Very common problem, that code showed up on my 06' GLI and I had to remove the DV and replace it with an aftermarket one from ecs tuning.










Sent from my iPhone using Tapatalk


----------



## 2006_A3_2.0T (Jan 11, 2013)

body electric said:


> Very common problem, that code showed up on my 06' GLI and I had to remove the DV and replace it with an aftermarket one from ecs tuning.
> Sent from my iPhone using Tapatalk


I think he already has the piston type DV. on the left


----------



## vwlippy (Jul 17, 2001)

I've had the new style DV valve in since I got GIAC tune about 50k miles ago. 
No problems since.


----------



## AngryGiraffe (Sep 21, 2014)

Already replaced the DV with the piston style one. It's in the post. That's why I can't figure out why the CEL came on with this code. It's been out for two days now but I have only put 20 miles on it. Tomorrow I plan on going up to the mountains and doing some real driving to see if it will come back on. I wish I had a boost gauge to see if there is any pressure loss.


----------



## Audi_Mechanic (Mar 24, 2012)

Check the waste gate actuator rod where it meets the waste gate pivot. If it wiggles then it's time for a turbo.


----------



## AngryGiraffe (Sep 21, 2014)

Audi_Mechanic said:


> Check the waste gate actuator rod where it meets the waste gate pivot. If it wiggles then it's time for a turbo.
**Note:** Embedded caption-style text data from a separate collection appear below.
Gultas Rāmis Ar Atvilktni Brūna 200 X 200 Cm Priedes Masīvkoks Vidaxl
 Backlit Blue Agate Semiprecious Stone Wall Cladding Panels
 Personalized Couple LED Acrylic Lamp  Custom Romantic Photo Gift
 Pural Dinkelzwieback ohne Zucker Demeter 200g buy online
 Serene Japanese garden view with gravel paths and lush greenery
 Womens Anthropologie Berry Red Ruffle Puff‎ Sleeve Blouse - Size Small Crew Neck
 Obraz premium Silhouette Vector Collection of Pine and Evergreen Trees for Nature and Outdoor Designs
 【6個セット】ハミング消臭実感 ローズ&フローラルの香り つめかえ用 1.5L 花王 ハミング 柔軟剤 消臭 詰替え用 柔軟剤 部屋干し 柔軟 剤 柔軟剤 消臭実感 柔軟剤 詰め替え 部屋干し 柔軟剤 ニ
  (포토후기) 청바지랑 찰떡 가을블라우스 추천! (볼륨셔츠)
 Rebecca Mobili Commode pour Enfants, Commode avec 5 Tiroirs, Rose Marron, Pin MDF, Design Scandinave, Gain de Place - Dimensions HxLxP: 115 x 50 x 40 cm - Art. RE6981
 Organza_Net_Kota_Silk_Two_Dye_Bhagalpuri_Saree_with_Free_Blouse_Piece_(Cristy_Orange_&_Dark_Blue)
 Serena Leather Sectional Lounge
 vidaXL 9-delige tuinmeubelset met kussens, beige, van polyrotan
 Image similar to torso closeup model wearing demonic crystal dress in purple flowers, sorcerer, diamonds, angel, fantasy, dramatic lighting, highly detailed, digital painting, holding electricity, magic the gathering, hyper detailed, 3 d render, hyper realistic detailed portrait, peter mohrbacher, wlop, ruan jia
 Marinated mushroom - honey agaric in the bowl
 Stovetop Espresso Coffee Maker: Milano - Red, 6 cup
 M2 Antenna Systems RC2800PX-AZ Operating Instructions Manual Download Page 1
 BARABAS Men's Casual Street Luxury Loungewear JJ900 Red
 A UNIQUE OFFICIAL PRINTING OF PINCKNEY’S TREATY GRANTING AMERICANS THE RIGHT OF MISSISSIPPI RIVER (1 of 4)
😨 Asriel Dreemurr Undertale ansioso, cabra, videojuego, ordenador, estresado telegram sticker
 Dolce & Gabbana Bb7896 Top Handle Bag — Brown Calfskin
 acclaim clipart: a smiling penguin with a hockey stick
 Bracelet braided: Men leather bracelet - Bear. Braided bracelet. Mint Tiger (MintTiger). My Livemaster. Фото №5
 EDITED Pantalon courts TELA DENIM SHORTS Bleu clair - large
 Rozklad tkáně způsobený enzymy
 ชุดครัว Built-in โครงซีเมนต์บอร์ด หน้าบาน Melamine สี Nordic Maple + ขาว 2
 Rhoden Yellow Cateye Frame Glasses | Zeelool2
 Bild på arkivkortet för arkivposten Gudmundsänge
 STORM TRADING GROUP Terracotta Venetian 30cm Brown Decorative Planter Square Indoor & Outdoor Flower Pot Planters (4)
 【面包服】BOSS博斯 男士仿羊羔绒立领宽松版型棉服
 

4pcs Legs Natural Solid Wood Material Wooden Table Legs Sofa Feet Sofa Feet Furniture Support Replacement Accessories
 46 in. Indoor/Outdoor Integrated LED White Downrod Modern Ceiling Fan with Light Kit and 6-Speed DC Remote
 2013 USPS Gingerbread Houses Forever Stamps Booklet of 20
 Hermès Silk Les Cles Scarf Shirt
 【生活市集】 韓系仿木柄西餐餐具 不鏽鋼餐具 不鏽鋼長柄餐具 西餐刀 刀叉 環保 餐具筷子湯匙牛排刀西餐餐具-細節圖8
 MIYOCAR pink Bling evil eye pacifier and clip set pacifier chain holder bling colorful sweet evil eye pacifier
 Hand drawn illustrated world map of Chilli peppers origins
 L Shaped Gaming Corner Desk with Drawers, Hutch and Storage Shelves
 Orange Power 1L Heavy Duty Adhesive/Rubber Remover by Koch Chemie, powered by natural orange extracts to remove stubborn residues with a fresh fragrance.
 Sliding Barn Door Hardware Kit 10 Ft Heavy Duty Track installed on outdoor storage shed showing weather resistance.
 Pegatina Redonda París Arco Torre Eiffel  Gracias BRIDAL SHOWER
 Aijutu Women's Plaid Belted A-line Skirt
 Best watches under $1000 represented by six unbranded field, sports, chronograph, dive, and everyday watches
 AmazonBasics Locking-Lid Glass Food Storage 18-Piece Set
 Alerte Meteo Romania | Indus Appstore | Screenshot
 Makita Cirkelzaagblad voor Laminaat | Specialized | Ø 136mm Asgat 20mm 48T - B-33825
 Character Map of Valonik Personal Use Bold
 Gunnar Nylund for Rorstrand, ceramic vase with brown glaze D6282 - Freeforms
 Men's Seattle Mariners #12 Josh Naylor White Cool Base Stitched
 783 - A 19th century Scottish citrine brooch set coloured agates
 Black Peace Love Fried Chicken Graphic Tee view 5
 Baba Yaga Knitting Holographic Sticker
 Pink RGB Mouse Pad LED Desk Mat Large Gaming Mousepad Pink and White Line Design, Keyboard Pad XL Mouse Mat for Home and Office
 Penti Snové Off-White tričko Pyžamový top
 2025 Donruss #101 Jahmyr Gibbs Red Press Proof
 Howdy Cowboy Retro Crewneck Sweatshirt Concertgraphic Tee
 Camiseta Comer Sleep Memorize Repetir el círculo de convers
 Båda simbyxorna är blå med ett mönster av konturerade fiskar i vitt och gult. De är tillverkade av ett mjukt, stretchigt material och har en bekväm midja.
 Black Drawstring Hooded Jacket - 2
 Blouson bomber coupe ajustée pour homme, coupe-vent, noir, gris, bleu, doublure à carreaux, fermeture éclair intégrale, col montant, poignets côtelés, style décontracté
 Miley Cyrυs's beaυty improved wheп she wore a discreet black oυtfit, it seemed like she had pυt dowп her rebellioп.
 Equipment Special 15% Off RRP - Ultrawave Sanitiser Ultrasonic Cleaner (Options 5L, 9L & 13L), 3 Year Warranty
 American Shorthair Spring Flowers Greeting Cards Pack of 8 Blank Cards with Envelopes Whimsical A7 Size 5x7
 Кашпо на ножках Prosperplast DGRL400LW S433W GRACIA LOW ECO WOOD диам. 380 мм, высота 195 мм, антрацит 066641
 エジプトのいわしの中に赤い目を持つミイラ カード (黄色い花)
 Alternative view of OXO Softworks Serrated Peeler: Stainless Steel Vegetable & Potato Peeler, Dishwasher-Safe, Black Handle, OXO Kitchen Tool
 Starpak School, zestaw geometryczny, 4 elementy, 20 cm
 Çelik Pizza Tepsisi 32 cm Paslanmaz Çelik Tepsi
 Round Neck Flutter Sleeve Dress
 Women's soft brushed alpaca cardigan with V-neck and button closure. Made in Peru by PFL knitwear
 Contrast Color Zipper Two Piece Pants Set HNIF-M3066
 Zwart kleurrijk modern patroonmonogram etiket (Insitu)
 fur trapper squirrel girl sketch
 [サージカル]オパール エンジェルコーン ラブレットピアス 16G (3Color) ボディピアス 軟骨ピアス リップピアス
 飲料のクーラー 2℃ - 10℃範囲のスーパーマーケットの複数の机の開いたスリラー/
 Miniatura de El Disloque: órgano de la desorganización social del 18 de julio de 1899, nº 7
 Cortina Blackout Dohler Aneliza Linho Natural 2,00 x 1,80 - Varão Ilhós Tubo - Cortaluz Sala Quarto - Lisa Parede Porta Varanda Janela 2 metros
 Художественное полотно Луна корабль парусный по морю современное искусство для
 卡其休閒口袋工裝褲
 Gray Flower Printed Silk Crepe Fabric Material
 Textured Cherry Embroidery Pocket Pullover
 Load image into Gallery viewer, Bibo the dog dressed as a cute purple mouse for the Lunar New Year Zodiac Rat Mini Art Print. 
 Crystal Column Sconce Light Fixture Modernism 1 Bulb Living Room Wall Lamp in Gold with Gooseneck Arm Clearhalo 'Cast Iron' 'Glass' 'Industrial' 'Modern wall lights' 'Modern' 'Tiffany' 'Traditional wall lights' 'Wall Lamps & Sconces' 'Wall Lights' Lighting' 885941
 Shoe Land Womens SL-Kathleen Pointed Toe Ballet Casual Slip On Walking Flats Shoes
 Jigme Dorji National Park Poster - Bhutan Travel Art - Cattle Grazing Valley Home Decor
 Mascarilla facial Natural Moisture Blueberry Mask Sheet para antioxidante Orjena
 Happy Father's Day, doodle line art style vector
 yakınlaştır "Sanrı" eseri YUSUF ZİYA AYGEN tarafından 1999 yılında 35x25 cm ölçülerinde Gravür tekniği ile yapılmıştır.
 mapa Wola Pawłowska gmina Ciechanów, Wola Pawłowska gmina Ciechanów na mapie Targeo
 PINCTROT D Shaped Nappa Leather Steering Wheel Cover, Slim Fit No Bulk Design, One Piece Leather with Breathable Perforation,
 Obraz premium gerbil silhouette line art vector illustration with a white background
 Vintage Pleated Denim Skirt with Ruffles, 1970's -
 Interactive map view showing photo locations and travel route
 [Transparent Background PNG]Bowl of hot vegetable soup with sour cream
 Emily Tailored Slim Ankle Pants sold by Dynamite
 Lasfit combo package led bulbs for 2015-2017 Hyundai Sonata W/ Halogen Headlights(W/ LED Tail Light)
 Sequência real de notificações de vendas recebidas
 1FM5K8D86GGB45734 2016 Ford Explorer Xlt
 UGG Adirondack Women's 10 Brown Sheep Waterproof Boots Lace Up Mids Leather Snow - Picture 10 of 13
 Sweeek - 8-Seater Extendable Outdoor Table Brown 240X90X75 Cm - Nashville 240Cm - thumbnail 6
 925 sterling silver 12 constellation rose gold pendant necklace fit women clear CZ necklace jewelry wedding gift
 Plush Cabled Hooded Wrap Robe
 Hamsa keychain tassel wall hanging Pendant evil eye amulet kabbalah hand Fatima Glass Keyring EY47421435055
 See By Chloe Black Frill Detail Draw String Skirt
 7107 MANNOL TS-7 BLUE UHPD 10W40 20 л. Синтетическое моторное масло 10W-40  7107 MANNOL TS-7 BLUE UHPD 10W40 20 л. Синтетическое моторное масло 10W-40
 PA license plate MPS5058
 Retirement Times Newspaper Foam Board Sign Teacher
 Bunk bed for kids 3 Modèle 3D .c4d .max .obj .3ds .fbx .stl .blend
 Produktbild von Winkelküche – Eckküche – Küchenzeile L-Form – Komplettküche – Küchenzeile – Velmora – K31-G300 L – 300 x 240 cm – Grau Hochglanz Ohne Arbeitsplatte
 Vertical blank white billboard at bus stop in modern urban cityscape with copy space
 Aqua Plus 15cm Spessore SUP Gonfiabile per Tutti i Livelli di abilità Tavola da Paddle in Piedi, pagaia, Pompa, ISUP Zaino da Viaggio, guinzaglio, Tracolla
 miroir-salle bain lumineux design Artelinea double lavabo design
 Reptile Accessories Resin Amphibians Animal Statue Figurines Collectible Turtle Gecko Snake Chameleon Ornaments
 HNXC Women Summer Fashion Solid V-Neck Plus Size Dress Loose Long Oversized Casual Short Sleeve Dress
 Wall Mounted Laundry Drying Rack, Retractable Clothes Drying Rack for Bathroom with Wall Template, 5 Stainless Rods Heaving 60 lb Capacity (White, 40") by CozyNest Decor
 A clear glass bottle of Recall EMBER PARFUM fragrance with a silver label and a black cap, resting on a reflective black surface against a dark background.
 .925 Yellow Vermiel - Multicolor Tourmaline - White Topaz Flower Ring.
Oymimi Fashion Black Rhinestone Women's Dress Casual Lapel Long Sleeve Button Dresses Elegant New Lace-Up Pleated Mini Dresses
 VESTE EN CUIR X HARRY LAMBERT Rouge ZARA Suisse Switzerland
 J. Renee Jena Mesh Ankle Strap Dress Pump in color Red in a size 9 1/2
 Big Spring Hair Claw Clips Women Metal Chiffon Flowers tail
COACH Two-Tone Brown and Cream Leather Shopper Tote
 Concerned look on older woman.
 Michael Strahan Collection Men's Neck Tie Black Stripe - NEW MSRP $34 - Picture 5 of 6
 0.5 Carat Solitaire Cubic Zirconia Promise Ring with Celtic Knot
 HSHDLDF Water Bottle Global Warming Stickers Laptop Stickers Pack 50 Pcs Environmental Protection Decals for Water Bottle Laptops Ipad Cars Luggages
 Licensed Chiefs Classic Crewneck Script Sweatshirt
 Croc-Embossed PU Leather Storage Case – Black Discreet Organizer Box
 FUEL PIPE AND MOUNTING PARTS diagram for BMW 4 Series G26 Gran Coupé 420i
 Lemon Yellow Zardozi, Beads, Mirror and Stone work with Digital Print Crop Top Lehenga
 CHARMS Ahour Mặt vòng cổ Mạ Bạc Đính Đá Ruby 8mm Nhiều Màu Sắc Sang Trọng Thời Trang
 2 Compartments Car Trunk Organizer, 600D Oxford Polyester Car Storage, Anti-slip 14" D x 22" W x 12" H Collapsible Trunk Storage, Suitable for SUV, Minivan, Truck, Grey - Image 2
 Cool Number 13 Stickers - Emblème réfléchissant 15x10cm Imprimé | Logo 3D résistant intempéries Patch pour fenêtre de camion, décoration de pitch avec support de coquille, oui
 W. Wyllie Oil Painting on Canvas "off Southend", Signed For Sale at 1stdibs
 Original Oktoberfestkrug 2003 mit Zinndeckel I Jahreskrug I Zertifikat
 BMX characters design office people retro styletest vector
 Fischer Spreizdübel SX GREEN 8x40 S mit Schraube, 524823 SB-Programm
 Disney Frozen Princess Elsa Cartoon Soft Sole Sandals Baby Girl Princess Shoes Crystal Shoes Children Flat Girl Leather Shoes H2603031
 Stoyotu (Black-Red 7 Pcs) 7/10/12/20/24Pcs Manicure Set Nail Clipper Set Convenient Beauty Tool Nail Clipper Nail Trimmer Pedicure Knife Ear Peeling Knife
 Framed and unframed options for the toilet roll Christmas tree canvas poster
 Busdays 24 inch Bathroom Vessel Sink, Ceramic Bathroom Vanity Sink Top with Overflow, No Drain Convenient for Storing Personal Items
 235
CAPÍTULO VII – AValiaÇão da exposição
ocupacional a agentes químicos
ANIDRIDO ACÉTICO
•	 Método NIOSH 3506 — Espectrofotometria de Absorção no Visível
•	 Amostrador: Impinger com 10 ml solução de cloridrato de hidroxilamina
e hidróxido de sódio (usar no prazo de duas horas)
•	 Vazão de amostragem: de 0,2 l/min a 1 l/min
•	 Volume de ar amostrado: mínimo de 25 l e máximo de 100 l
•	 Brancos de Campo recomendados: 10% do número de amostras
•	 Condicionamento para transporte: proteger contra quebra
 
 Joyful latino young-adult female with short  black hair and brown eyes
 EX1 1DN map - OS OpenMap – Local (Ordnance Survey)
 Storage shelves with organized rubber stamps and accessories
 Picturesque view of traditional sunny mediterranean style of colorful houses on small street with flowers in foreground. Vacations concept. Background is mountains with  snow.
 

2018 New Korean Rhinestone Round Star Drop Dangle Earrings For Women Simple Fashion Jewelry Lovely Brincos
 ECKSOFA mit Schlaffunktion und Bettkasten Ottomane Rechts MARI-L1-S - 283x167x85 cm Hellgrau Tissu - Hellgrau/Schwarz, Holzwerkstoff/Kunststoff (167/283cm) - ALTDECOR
Oh **** I hope not! It's only got 48,000 miles on it. I don't want to have to buy a new turbo. That will kill my mod budget for years.


----------



## louiekaps (Aug 12, 2013)

If it is bad get a k04


----------



## TBomb (Sep 23, 2009)

AngryGiraffe said:


> Oh **** I hope not! It's only got 48,000 miles on it. I don't want to have to buy a new turbo. That will kill my mod budget for years.


The TSI engine is popular enough you could probably find a used K03 turbo for cheap somewhere, either someone who upgraded or a salvage yard. Or yeah, just do what Louie said 



louiekaps said:


> If it is bad get a k04


----------



## AngryGiraffe (Sep 21, 2014)

Well CEL came back on yesterday. I can only imagine that it's the same thing. Turned off my tune and am driving it as little as possible. I have an appointment at the shop that did the tune on Tuesday to have it checked out. Sucks! It's such a nice day outside and I would love to go for a drive in the mountains.


----------



## AngryGiraffe (Sep 21, 2014)

*Problem solved!*

Brought my car to BlueWater Performace yesterday and they did a boost pressure test. Turns out My PCV was shot. Looked simple enough to replace myself, and I get a parts discount at work so I figured I would save some money on labor. Installed it after work, turned my tune back on, and went for a ride. Car runs great! So relieved it wasn't my turbo.


----------



## Audi_Mechanic (Mar 24, 2012)

By PCV do you mean the breather valve mounted on top of the valve cover? If so, I don't recall seeing a failed unit setting a P0299 code. They usually set idle speed and intake leak faults, sometimes misfire and fuel/oil pressure faults. Just today I replaced one on a Q5 2.0t. Had codes P0506 & 507 for idle speed, some random misfire faults, P2187 and 2279 for intake leak, and P119A for fuel pressure, total of 8 codes.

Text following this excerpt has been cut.